Sometimes, simple works. The Uber credit card, while it has significant limitations, is an interesting cashback card worth some consideration. I won’t get into the merits of Uber as a company, rather I will simply be commenting on the compelling aspects of the co-branded Barclays credit card. Let’s start with the good:
Generous cash back categories. The card rewards consumers to the tune of 4% on dining, 3% on travel, and 2% on online purchases.These rewards clearly speak to a clientele likely to use Uber. As a member of, but not a participant in, the take-out generation, I can see how accelerated rewards on restaurant spending would be a big draw. Further, the online purchase category, while only offering 2%, is more charitable than other cards, as these charges include online retailers like Amazon and Walmart.

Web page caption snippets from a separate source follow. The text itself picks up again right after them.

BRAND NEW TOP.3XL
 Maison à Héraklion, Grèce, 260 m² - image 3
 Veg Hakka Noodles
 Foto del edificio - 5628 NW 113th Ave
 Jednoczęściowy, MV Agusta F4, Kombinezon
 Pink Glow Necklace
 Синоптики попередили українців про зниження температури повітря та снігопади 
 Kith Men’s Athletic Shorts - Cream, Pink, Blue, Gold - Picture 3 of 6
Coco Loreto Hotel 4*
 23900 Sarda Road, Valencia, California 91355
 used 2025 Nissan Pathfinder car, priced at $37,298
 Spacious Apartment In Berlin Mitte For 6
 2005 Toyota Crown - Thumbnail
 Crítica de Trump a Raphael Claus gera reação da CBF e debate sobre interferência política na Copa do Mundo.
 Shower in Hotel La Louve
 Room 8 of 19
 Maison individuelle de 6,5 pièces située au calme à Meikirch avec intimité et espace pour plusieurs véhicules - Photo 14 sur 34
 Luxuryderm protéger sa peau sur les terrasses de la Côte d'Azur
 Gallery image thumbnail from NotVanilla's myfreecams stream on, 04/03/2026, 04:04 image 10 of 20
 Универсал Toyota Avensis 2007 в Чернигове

The Uber card excludes needed categories for families: gas and grocery. But it may be a good option for a young upstart or couple with a busy schedule. The card also offers no foreign transaction fees.
The sign on bonus isn’t altogether exciting but expected for a fee-free card. Currently, users will earn $100 after $500 worth of spending in the first three months. There is also a $600 mobile phone protection benefit, which covers cardholders in the event of damage or theft, but you have to use your card to pay your monthly phone bill. There are likely a few hoops to jump through during the claims process, but it’s a nice perk on paper.
There is also a $50 online subscription service credit offered after spending $5000 on the card per year. This credit can be applied to a variety of services, notably Netflix subscriptions and Amazon Prime membership.
Cash back rewards can be redeemed seamlessly in Uber app using a connected account. One interesting aspect of the card is that since Uber rides count as an online purchase, they are only rewarded at the 2% rate. You’d think that the company on the card would be the premier spending category, but it’s a weird world we live in.
This is strictly a cash back card. Points can only be used for in-app Uber purchases, cash back to connected bank accounts, gift cards, or via a statement credit. Points have a flat 1 cent per point redemption rate. These limitations really damper an otherwise attractive card. Without the option to transfer to travel partners or take advantage of accelerated redemption options, this card isn’t likely to find a place in my wallet. If this card were a part of the Ultimate Rewards system, it would likely be one of the more valuable on the market.
I do, however, see it as a viable alternative for a young whippersnapper looking for a simple yet productive cash back card.